E questo scriba è in grado di estrarre dal suo tesoro «cose nuove e antiche». Notate l’ordine delle parole di Gesù: «cose nuove e cose antiche», non «cose antiche e cose nuove». L’invertire le parole da parte di Gesù lo colgo come un invito ad avere più coraggio. A non essere scribi “pappagalli” di un linguaggio religioso. Non rassegniamoci a parole ingessate, a quelle che si ripetono stancamente, clichés che non danno respiro, frasi fatte senza gioia.

I discepoli di Cristo che hanno scoperto il tesoro del Vangelo non diventano meri ripetitori del passato che trattano il Signore come un oggetto della loro speculazione o della loro esperienza, o ancor peggio della loro organizzazione, perché poi si ritrovano tra le mani della bigiotteria e non il tesoro del Vangelo.
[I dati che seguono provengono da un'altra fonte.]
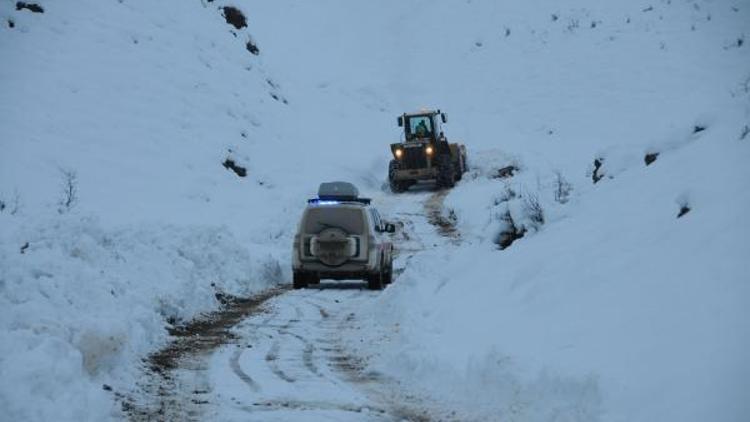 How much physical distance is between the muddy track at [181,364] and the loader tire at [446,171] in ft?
64.3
In questi giorni facevo una costatazione di cui mi sono sorpreso anch’io. Si sa che i cristiani possano essere cattolici, evangelici, ortodossi, anglicani… ma mi sono reso conto purtroppo che «si può essere cattolici senza essere cristiani». Ed è un dramma se ci pensiamo bene. Possiamo essere cattolici a parole e con prepotenza per difendere le nostre idee e i nostri valori, facendoci paladini della verità… ma dimenticando Cristo, dimenticando la mitezza delle beatitudini, dimenticando la ferma tenerezza di come Lui ha annunciato la verità, appunto come un tesoro e una perla, come una cosa bella per cui valga la pena vivere.

Cristo è il tesoro che nessuno di noi mai possiede una volta per sempre, perché è sempre da cercare e talvolta si lascia trovare in campi in cui non avremmo mai immaginato si nascondesse!

Non dimentichiamo che la rete è Dio che la getta nel mare della storia e a suo tempo sarà lui a fare la cernita.